=== Required action ===
What you return must match the records word for word, except that pictures are dropped.

=== Task data ===
== Segment start ==
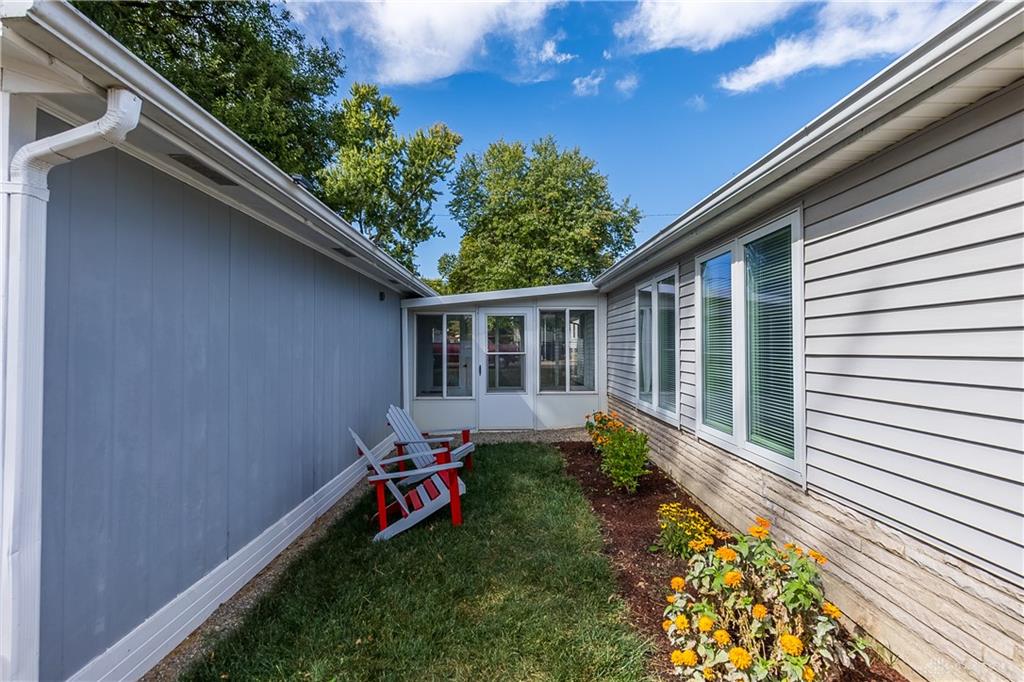 1404 Covent Road Property Photo 29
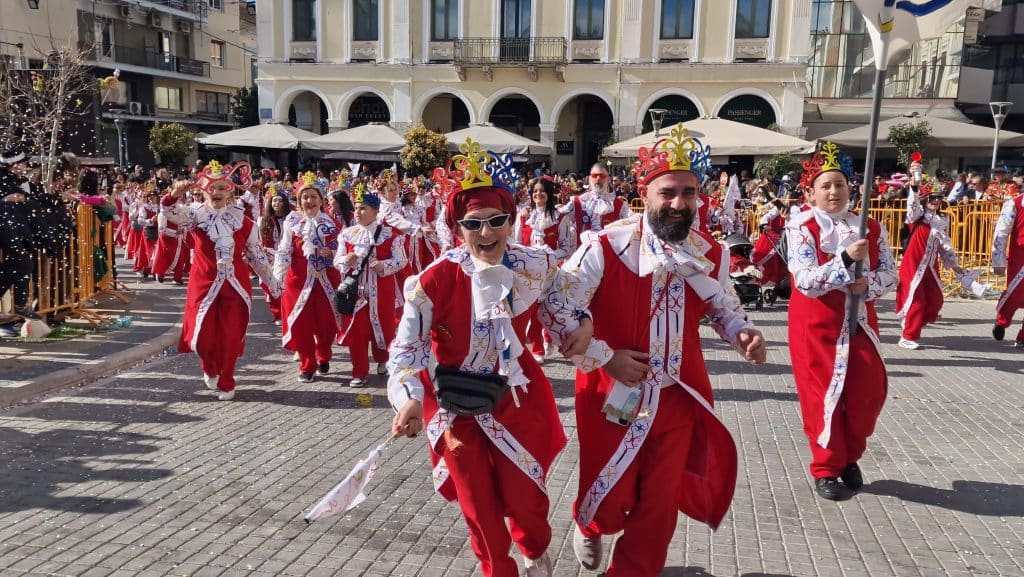 Πάτρα: Δείτε πάνω από 200 νέες φωτογραφίες από την μεγάλη καρναβαλική παρέλαση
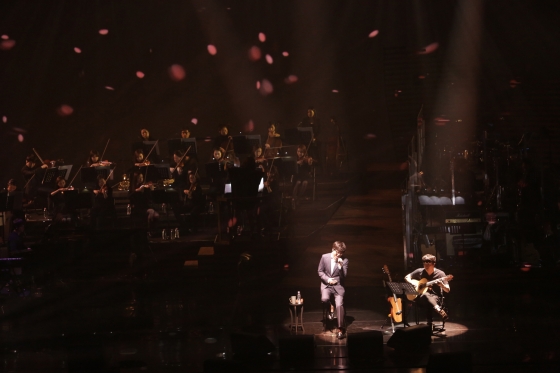 김동률이 2014 김동률 전국 투어 콘서트 '동행' 부산 공연에서 노래를 부르고 있다. /사진제공=뮤직팜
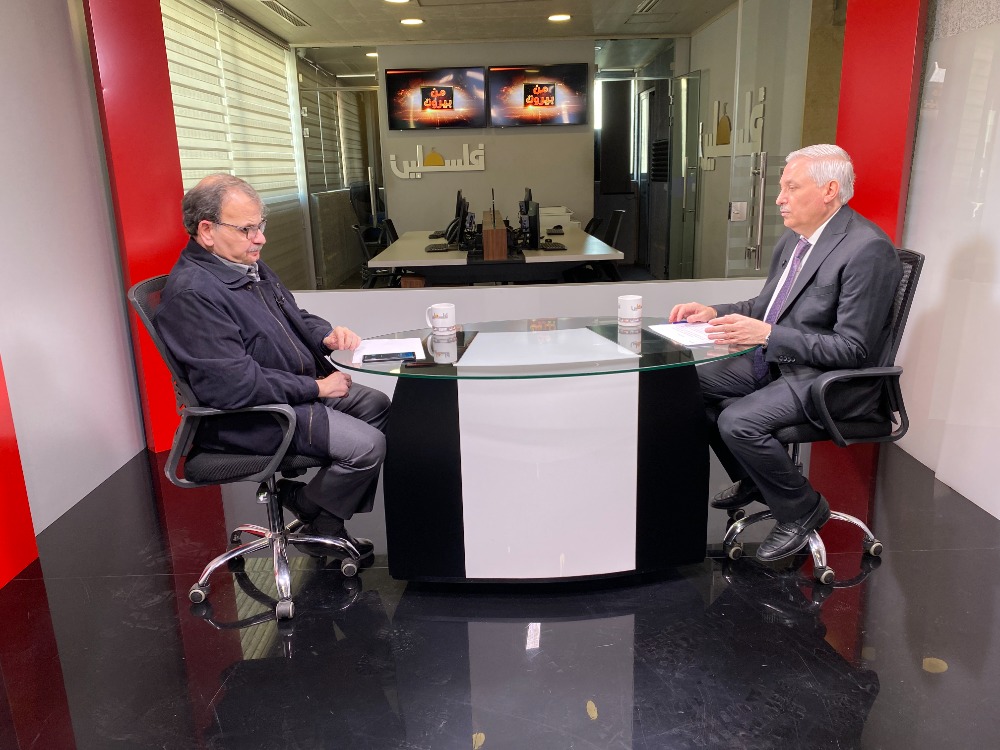 فيديو - هيثم زعيتر يستضيف د. البزري، حول "خطط المواجهة الطبية الفلسطينية لجائحة كورونا" 14-01-2022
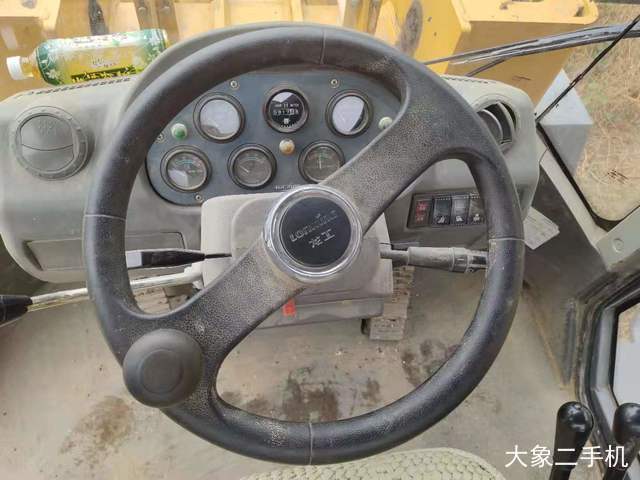 龙工 LG855B 装载机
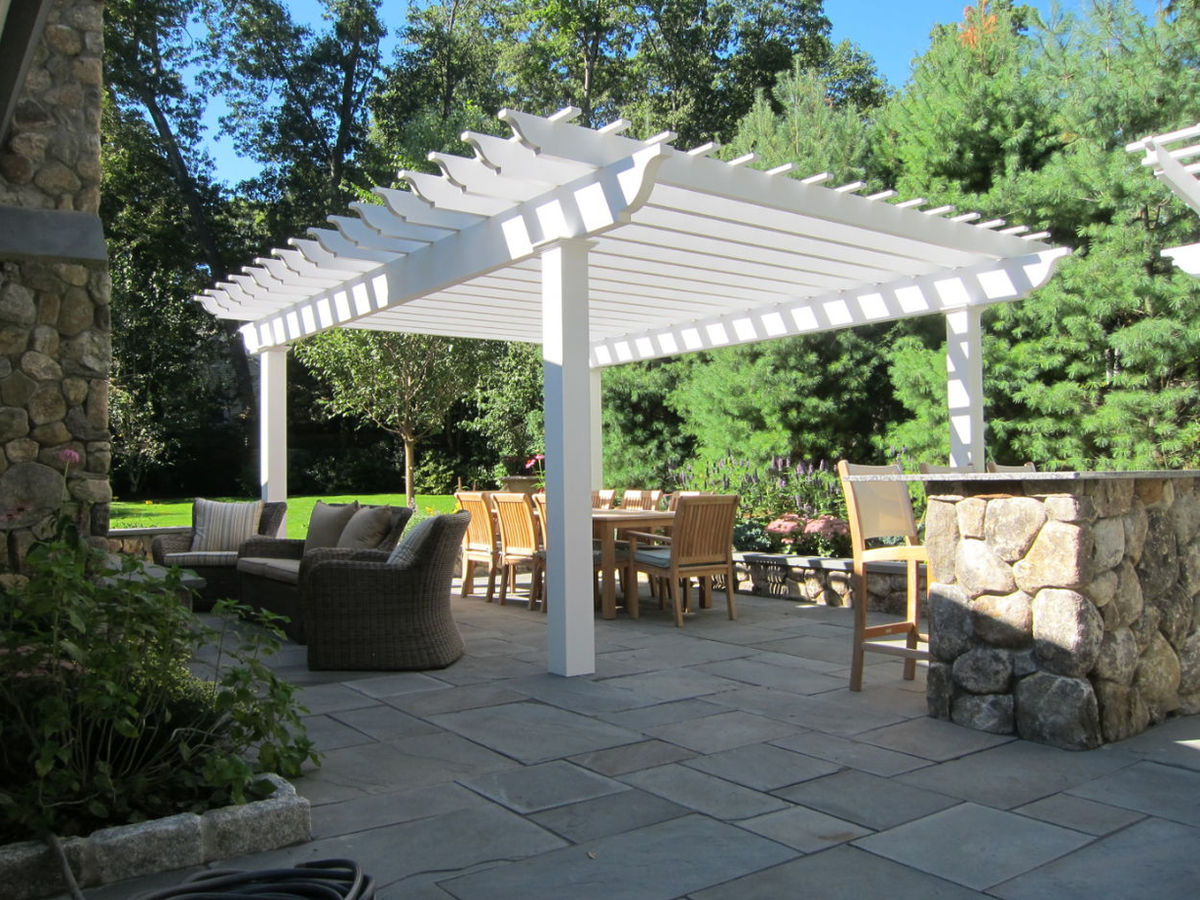Wellesley Residence - Pergola and stone patio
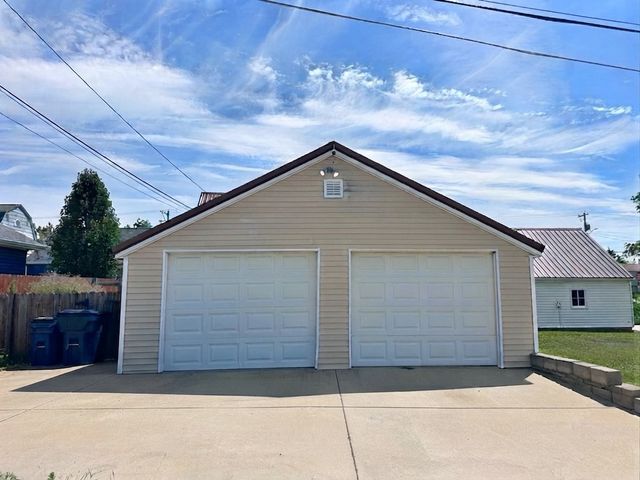 1922 9th SW, Cedar Rapids, IA 52404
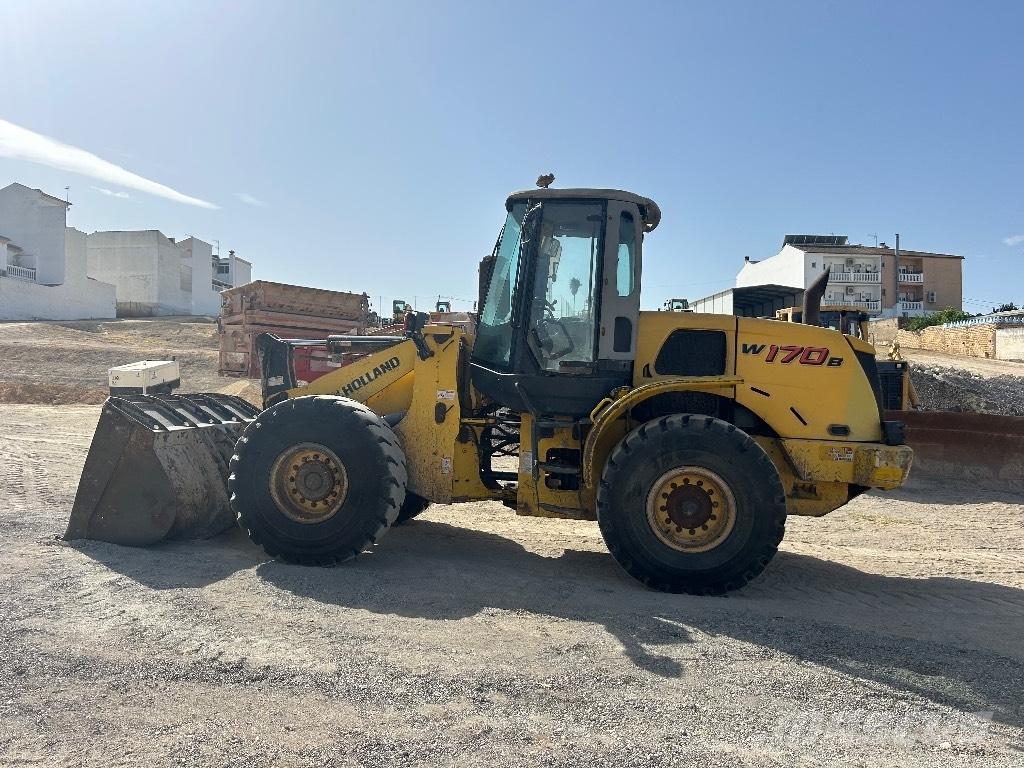 New Holland W 170 B Gumikerekes homlokrakodók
== Segment end ==
=== Problem solution ===
 1404 Covent Road Property Photo 29
 Πάτρα: Δείτε πάνω από 200 νέες φωτογραφίες από την μεγάλη καρναβαλική παρέλαση
 김동률이 2014 김동률 전국 투어 콘서트 '동행' 부산 공연에서 노래를 부르고 있다. /사진제공=뮤직팜
 فيديو - هيثم زعيتر يستضيف د. البزري، حول "خطط المواجهة الطبية الفلسطينية لجائحة كورونا" 14-01-2022
 龙工 LG855B 装载机
Wellesley Residence - Pergola and stone patio
 1922 9th SW, Cedar Rapids, IA 52404
 New Holland W 170 B Gumikerekes homlokrakodók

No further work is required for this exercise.